I'm not sure how I'd feel about doing MUS solo, so I'm not 100% sure what we're going to do when we hit the end of the road with Singapore. I've recently picked up Art of Problem Solving's new Elementary series (Beast Academy) which is fun, but it's more of a sideline.

Which, speaking of fun math on the side: check out Life of Fred. We LOVE it. And that goes up at least through Calculus.

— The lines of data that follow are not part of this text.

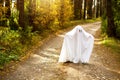 A child in sheets with slits like a ghost costume in an autumn forest scares and terrifies. A kind little ghost. Halloween Party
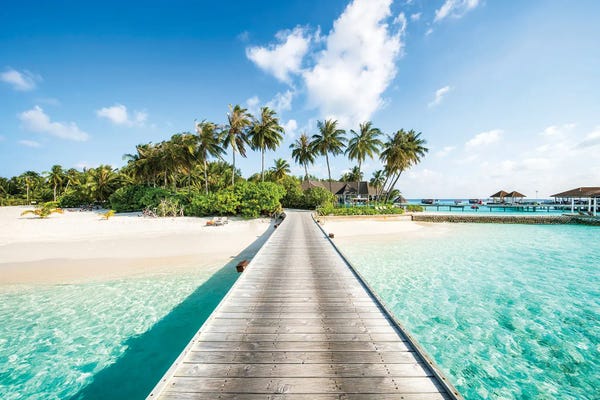 Beach Lover: Tropical Island With Palm Trees, Maldives by Jan Becke
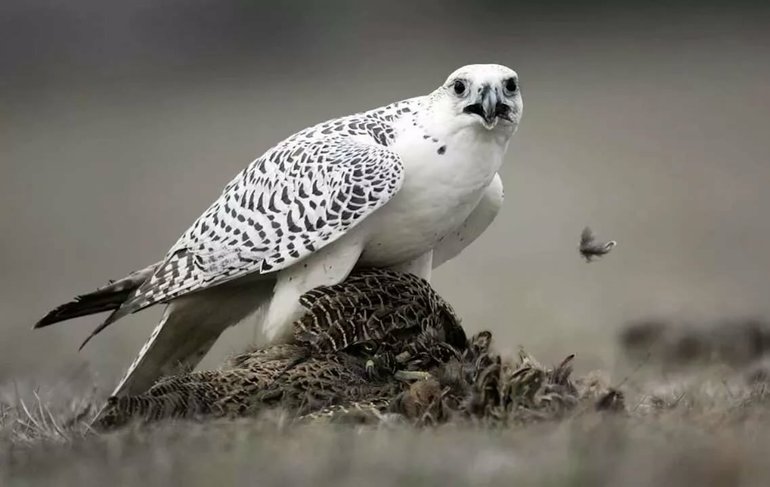 Сообщение о кречете &mdash; описание, среда обитания и интересные факты о птице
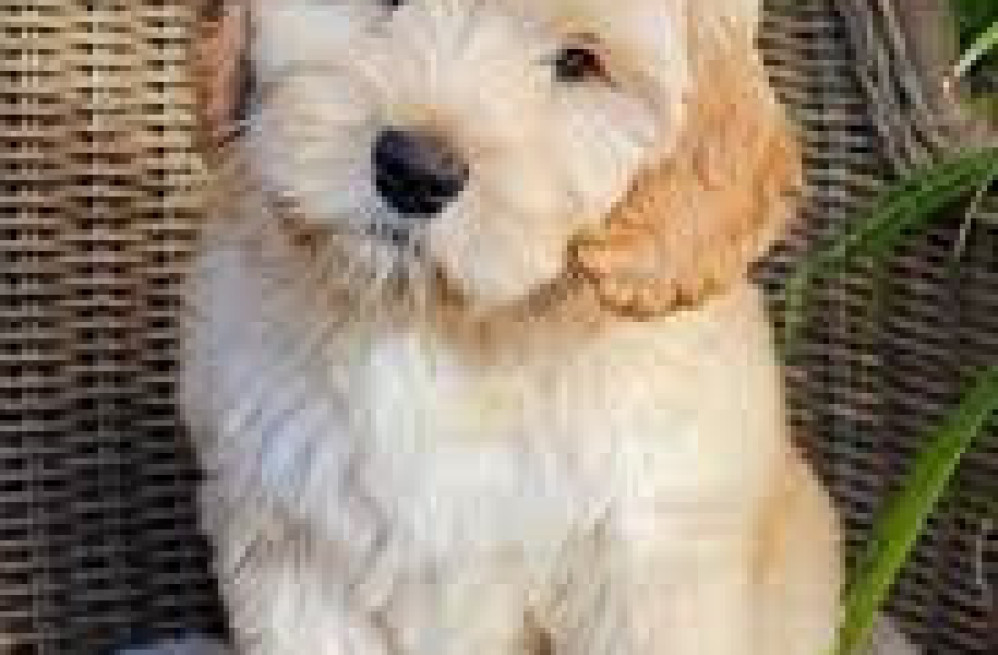 labradoodle-puppies-price-in-nagpur-big-0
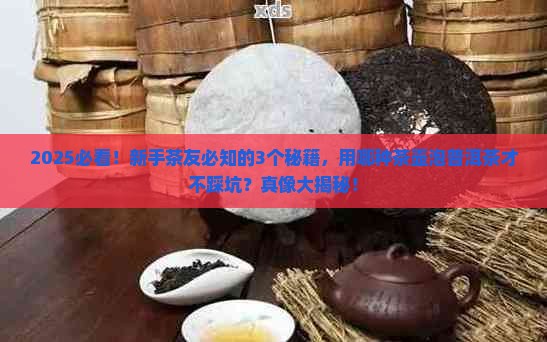 普洱茶用哪种茶壶冲泡比较好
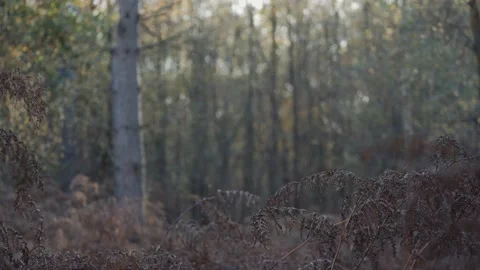 Beautiful shallow depth of field view of a windy autumn forest scene Stock Footage 142576973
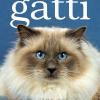 Gatti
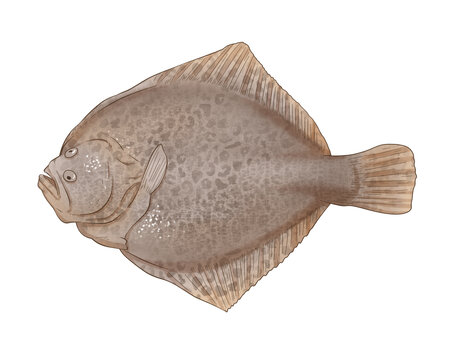 多寶魚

Anyhow, I also got AoPS's Pre-Algebra curriculum which I'm starting to preview. I don't think I'd want to do it solo, but it feels like a good "companion" to MUS, like Singapore has been.

TerriW said...

More, because there are some questions that I just can't shut up about once you start plugging quarters into me:

Art of Problem Solving is interesting. For one, it's heavily focused on prepping kids for competitions such as MATHCOUNTS and the like. (Which made a *ping* in my head go off and think: "Hey, we're homeschoolers and will live or die based on our SAT score. We should check this out!")

Now, if you check out the pdf samples on the site, you will see that the chapters begin with a problem set for the student to grapple with before proceeding on to the instruction ... and yet, it's handled well. For one, it's just a couple of problems that they can try their hand at; two, they don't get left hanging -- after those few teaser problems, they dive right into how to solve it. And commentary about how to solve it. And common pitfalls to avoid.

Now, there isn't nearly enough practice problems for my taste, but, again, I see it as a nice companion to MUS, which is much more nuts and bolts, ensuring that you see how it works, and then practice until mastery. There aren't quite as many flights of fancy -- but that's why I have Life of Fred and AoPS.